1. The bias generator is referenced against VPP ( ie battery +Volts ) .... this means that as far as the differential amplifier is concerned VPP is analogue ground. The bias generator feeds the +/- 5 volt regulators which in turn supply the diff amp. In theory given the ratings of the components the DC battery supply voltage could be as high as 35 volts approx !!! The intput to the bias generator is fed by the same output as the gate drive to the NMOS FET. I did have some concern that this would impact the rise / fall ( turnoff time critical ) of the FET switch. However the impact was less than 4 ns measured on the CRO. This helps simplify and cheapen the circuit whilst synchronising bipolar supply noises.
2. The amplifier is run at its maximum specified voltage gain. ( 1000X or 60dB ) This presumably means that a 1uVolt signal at the input will become a 1 mV signal at the output. There are many types of diff amps available .... I have used THAT1510 and THAT1512 with great success. The bandwidth of these amps is several Mhz even at gains of 1000. Noise is specified at 1 nVroot hz or better .. but I have had no need to consider this critical in this relatively simple circuit. As with conventional PIs a coil with less turns will be faster however it will be less sensitive. A further gain block could be inserted after the diff amp to compensate for loss of sensitivity with a faster coil.
A manual gain control could be introduced by varying or switching R4. The penalty would be added complexity / cost and noise.
A cap inserted in series with R4 will reduce the low frequency / DC gain to 1. This could be useful for removing slow earth field responses and low frequency hum etc.
3. The output of the diff amp is fed to the ADC input by a simple cap coupling. Microchip specify a <500 ohm source impedance for feeding the ADC input at high conversion speeds and I did muck around with some buffer amps etc however this turned out to provide the best and simplest coupling. The important bit of the output waveform is very conveniently located at approx +2 volts which is bang in the midrange of the 0 - 5 volt input of the ADC without any special clamping or level shifting. Waveforms to be posted.
4. The NMOS switch can be your favourite PI FET ( IRF740 etc etc ) however note that the voltage flyback developed across the damping resistor will only be half of that on a conventional single ended PI. This is an advantage as you can use a lower breakdown voltage FET than normal. ( and usually a lower ON resistance thus providing a higher peak switch off / saturation current. )

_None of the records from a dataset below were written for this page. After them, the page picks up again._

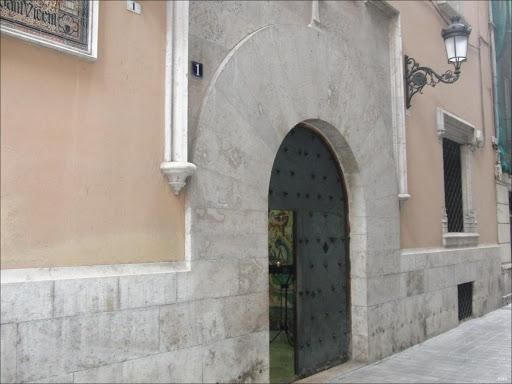 La puerta de acceso al inmueble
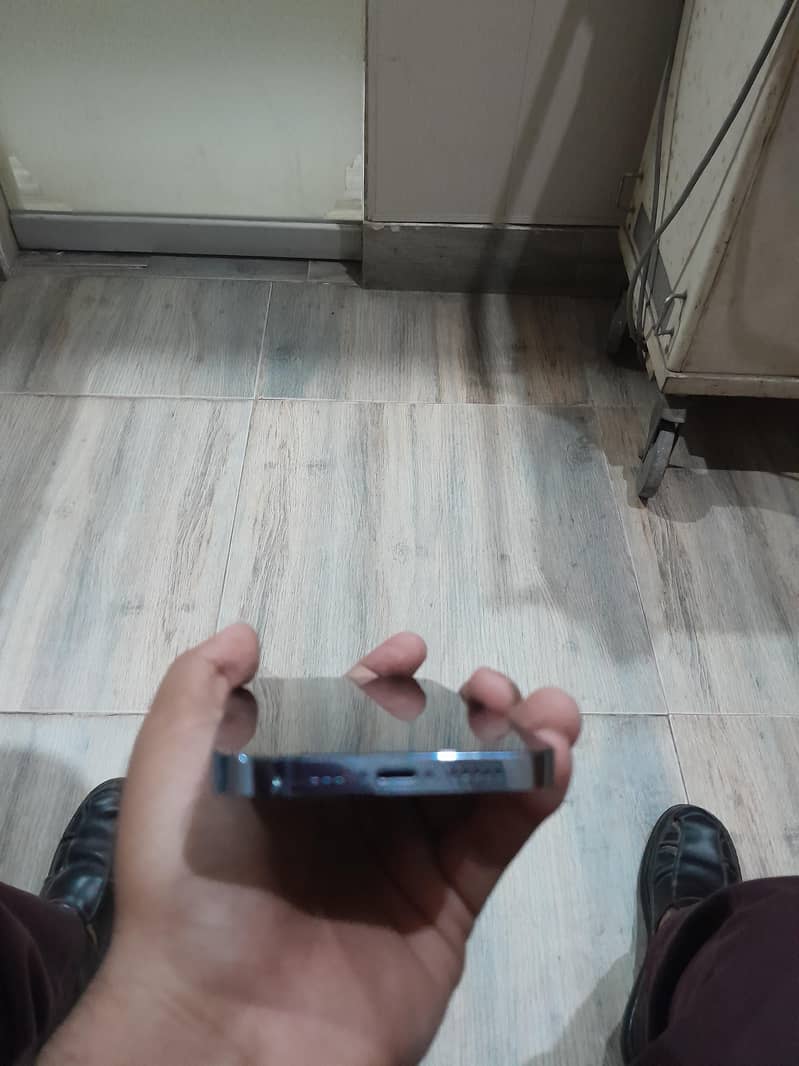 IPhone 13 Pro 6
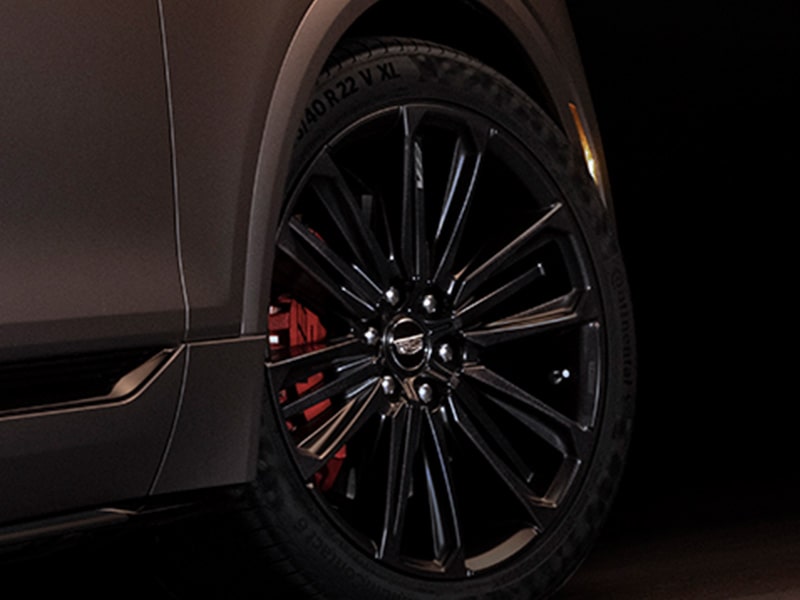 Close-up of the 2026 LYRIQ-V's Wheels and Brembo Front Brakes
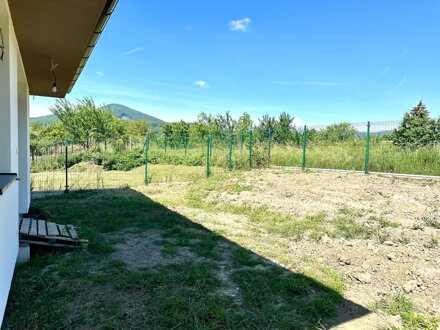 TOP NA PREDAJ: Novostavba 4-izbového rodinného domu na 605 m² pozemku – Trstín – len 18 km od Trnavy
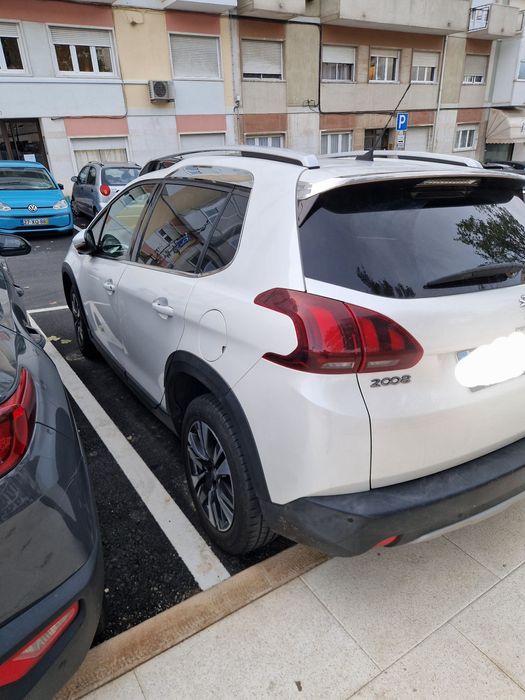 Peugeot 2008 1.6 HDI Allure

5. This circuit is designed for a so called differential PI coil .... I am not sure how it will behave with a conventional coil. I am fairly sure that the coil sheilding will actually be a disadavantage and pick up every AM radio station and powerline within a 100 km radius because the the input to the wideband diff amp will be unbalanced. Also conventional coils dont have the common "centre tap" so I guess it wont work anyway.

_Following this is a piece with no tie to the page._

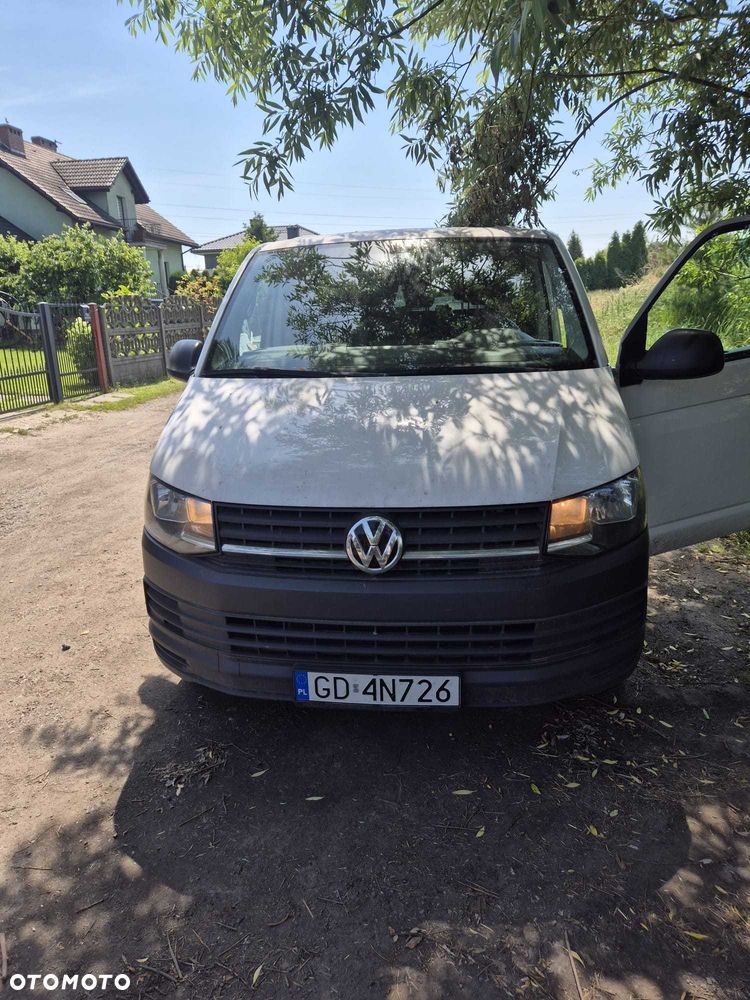 Volkswagen Transporter - 1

6. The front end is the important bit here. The CPU is incidental .... bolt on your favourite processing backend. It is conceivable that a conventional sample and hold / differential integrator could be easily adapted for a true "no digital bits" solution.
I guess these notes will grow with time.
moodz
picstic_Model_T.sch.zip
Notes.
1. The bias generator is referenced against VPP ( ie battery +Volts ) .... this means that as far as the differential amplifier is concerned VPP is analogue ground. The bias generator feeds the +/- 5 volt regulators which in turn supply the diff amp. In theory given the ratings of the components the DC battery supply voltage could be as high as 35 volts approx !!! The intput to the bias generator is fed by the same output as the gate drive to the NMOS FET. I did have some concern that this would impact the rise / fall ( turnoff time critical ) of the FET switch. However the impact was less than 4 ns measured on the CRO. This helps simplify and cheapen the circuit whilst synchronising bipolar supply noises.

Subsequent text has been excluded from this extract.